From the line with "Selling Silver Toyota" to the final line of the data below, please write out every line exactly, with no pictures.
+===+
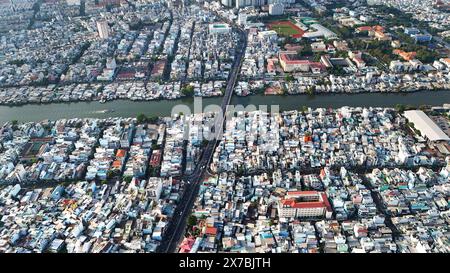 Incredibile vista aerea della grande città asiatica, scena di ho chi Minh, affollata casa cittadina sul fiume con densità densa, città sovraffollata, Nguyen Tri Phuong stree Foto Stock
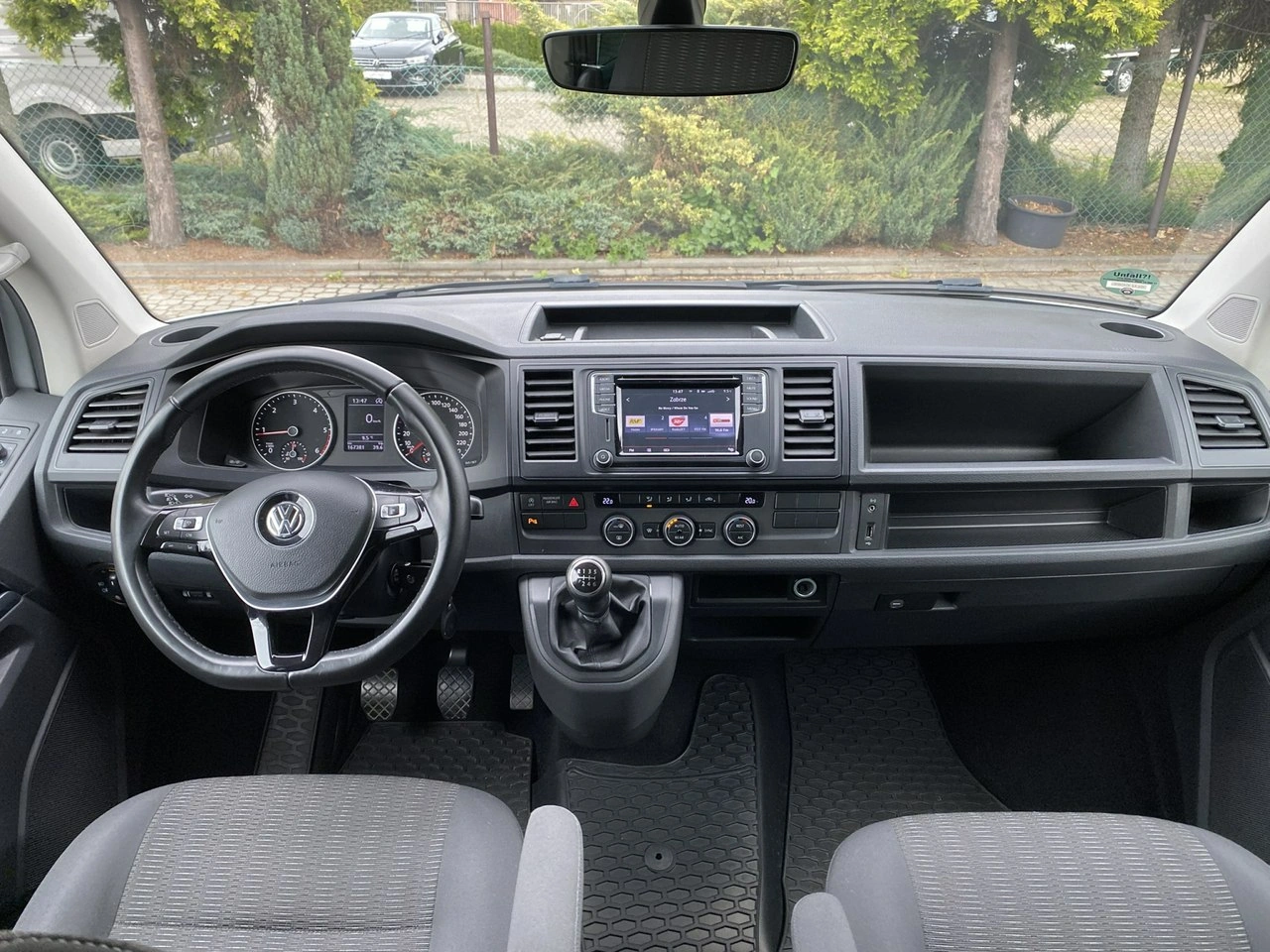 Volkswagen Caravelle - Zdjęcie 10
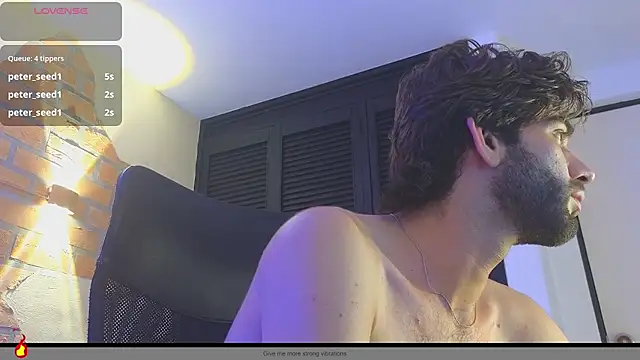 Logan_Cruz01 webcam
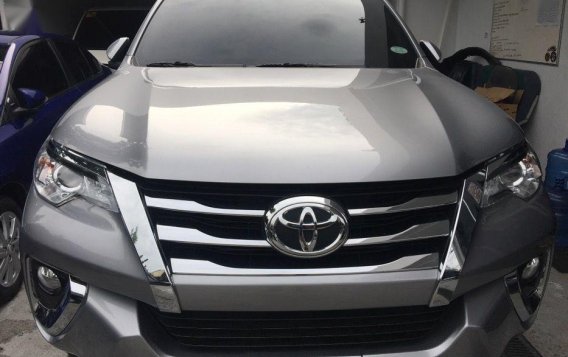 Selling Silver Toyota Fortuner 2017 Automatic Diesel in Quezon City-2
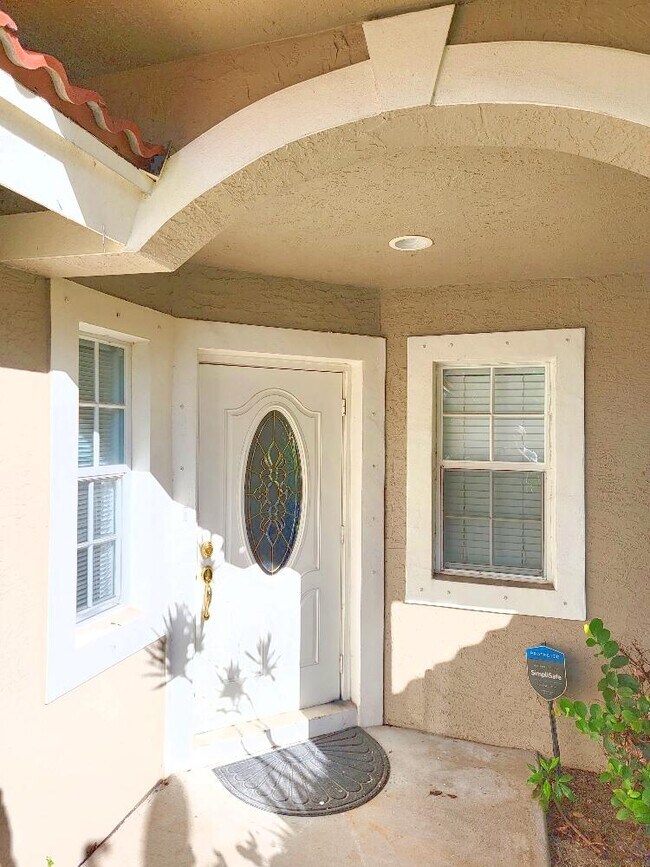 Building Photo - 12744 Westhampton Cir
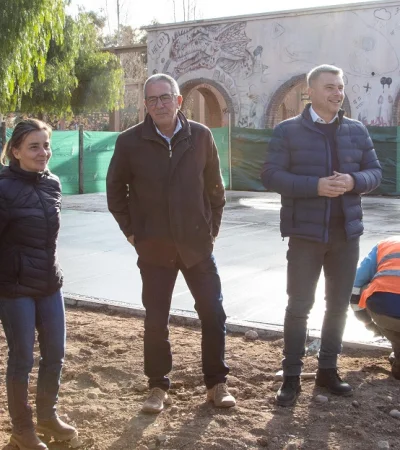 El intendente Diego Costarelli junto con el subsecretario de Deportes de la provincia, Federico Chiapetta.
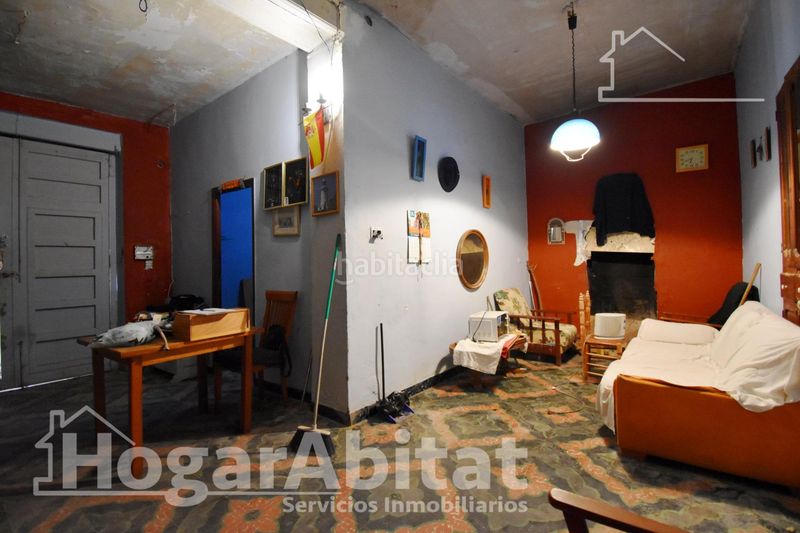 Foto 4a0576ec-3e04-4290-b477-ced34d689be7. Casa economica! amplia casa con terraza y con muchas posibilidades en Palma de Gandía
+===+
• [Your response]:
 Selling Silver Toyota Fortuner 2017 Automatic Diesel in Quezon City-2
 Building Photo - 12744 Westhampton Cir
 El intendente Diego Costarelli junto con el subsecretario de Deportes de la provincia, Federico Chiapetta.
 Foto 4a0576ec-3e04-4290-b477-ced34d689be7. Casa economica! amplia casa con terraza y con muchas posibilidades en Palma de Gandía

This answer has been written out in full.